260 Array Multiplier
260 : Array Multiplier
- Author: Rebecca Boadu & Sarah Herrera
- Description: 4x4 Structural Array Multiplier
- GitHub repository
- Clock: 0 Hz
How it works
Our 4x4 array multiplier multiplies two 4-bit binary numbers to produce an 8-bit product by breaking down the process into partial products. Each bit of one input is ANDed with each bit of the other input, creating a 4x4 grid of partial products. These partial products are organized into rows and shifted leftward, simulating the alignment process in traditional multiplication. Full adders within each “box” of the grid add these partial products, managing both the sum and the carry bits. Each carry moves to the next box, allowing us to systematically add all rows and carry values. Once all additions are complete, the result is an accurate 8-bit binary product of the two inputs. A block diagram is also included to illustrate the structure of partial products, adders, and carry management within the multiplier.
How to test
Testing the 4x4 array multiplier is handled with a Verilog testbench that instantiates the module, wiring inputs and outputs, along with a Python script for validation.
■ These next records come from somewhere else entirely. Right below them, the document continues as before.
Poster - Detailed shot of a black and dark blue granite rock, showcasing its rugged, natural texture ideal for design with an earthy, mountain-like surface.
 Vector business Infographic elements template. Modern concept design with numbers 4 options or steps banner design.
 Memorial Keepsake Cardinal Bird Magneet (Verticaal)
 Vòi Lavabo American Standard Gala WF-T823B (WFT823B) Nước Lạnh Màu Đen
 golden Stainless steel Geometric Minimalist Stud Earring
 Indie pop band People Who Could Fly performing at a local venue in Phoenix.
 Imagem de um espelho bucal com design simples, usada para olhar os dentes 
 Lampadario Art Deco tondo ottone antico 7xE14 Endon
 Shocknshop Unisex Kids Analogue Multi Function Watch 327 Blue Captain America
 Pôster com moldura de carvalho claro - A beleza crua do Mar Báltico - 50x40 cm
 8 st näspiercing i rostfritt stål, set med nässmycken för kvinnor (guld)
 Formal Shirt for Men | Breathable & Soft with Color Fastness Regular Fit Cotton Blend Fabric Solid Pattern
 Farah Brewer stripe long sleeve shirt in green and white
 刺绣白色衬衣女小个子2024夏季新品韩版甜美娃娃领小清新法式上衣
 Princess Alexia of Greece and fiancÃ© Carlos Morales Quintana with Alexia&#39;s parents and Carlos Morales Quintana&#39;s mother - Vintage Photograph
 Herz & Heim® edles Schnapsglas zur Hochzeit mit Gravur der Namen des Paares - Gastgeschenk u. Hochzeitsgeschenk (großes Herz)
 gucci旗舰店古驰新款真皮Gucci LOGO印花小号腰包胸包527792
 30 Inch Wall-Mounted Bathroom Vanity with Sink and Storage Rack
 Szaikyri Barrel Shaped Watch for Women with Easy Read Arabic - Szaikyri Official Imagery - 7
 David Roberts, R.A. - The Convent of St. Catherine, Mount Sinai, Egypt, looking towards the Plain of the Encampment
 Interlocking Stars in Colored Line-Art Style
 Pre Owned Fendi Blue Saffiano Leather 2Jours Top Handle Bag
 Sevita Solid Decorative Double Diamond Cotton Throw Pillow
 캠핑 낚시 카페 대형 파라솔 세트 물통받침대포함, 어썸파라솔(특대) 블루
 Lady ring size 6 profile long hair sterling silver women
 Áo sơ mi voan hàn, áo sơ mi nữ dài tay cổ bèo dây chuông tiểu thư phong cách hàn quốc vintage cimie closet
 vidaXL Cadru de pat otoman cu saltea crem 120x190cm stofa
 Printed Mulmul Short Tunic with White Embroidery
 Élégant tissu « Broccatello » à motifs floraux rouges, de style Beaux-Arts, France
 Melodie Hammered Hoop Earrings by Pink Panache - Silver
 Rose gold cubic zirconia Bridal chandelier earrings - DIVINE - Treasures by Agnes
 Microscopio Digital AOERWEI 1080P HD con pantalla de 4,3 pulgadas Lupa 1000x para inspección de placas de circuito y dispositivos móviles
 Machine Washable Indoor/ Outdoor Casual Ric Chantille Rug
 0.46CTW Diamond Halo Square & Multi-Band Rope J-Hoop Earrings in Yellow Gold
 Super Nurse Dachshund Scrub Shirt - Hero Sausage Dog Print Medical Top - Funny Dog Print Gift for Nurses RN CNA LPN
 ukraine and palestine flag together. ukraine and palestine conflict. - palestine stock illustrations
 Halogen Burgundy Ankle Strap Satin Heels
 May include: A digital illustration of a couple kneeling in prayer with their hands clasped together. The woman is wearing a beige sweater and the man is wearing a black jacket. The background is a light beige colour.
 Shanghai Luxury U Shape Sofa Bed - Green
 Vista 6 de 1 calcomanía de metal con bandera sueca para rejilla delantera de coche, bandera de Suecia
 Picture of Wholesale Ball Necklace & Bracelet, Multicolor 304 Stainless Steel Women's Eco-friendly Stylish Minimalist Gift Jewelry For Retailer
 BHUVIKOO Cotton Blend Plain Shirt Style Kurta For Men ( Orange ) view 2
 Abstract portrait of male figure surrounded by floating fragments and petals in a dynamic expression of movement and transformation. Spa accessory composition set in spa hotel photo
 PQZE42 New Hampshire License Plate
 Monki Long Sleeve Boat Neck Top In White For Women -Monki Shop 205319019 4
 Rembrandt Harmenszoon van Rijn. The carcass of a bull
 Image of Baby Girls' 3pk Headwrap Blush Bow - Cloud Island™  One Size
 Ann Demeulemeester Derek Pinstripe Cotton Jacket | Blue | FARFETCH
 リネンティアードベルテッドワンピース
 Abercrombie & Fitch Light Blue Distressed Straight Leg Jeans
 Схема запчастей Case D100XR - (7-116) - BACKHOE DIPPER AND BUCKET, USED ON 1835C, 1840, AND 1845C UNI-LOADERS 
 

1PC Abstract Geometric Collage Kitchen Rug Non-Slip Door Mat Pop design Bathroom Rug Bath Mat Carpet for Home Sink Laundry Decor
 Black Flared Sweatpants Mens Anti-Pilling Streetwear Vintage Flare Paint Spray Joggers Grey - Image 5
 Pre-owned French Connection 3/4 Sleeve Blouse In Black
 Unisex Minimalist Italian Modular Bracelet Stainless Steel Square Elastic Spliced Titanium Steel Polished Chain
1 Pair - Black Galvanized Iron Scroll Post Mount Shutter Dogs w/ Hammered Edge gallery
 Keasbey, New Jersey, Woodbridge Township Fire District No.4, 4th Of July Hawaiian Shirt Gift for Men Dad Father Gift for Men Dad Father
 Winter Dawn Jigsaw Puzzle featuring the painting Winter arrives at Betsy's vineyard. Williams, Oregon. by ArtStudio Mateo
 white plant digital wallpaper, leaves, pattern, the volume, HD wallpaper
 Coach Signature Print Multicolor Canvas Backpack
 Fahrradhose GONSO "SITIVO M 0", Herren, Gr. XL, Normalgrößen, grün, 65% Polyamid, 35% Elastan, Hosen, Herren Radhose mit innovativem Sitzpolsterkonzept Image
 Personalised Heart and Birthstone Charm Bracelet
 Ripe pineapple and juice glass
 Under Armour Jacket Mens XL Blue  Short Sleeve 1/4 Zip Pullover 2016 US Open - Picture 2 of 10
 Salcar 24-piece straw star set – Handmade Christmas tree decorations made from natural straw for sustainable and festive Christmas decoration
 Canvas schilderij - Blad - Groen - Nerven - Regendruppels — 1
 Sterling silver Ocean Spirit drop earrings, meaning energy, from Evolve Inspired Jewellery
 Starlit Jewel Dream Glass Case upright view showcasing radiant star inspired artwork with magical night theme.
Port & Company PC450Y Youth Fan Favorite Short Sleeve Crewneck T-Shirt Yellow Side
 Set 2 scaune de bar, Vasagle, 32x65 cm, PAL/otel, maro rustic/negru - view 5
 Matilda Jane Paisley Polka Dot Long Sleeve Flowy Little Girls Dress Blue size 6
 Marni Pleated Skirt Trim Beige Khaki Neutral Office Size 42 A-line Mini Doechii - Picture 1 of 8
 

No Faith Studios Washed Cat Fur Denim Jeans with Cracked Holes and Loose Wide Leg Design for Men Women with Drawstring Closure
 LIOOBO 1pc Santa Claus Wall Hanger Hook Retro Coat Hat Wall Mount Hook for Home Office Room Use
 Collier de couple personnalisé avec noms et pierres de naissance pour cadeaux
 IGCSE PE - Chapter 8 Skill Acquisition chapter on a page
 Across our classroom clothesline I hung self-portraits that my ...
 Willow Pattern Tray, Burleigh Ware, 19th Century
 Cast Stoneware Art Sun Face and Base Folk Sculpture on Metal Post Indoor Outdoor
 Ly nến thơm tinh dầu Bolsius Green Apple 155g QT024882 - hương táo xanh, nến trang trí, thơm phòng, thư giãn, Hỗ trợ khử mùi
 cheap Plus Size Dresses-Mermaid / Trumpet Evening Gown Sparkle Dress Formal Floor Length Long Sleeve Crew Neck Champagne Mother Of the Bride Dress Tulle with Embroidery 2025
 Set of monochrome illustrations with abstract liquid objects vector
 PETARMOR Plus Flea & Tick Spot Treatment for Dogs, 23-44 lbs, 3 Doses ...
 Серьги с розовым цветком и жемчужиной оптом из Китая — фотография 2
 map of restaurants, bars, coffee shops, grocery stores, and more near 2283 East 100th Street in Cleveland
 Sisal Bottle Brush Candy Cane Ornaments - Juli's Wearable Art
The Python script applies specific input values, then checks output correctness using assertions to verify expected multiplication results. For each test, values are set for the inputs, clock cycles are awaited, and the output is asserted to match the expected product, making it easy to identify any errors.
External hardware
N/A
IO
| # | Input | Output | Bidirectional |
|---|---|---|---|
| 0 | q[0] | p[0] | |
| 1 | q[1] | p[1] | |
| 2 | q[2] | p[2] | |
| 3 | q[3] | p[3] | |
| 4 | m[0] | p[4] | |
| 5 | m[1] | p[5] | |
| 6 | m[2] | p[6] | |
| 7 | m[3] | p[7] |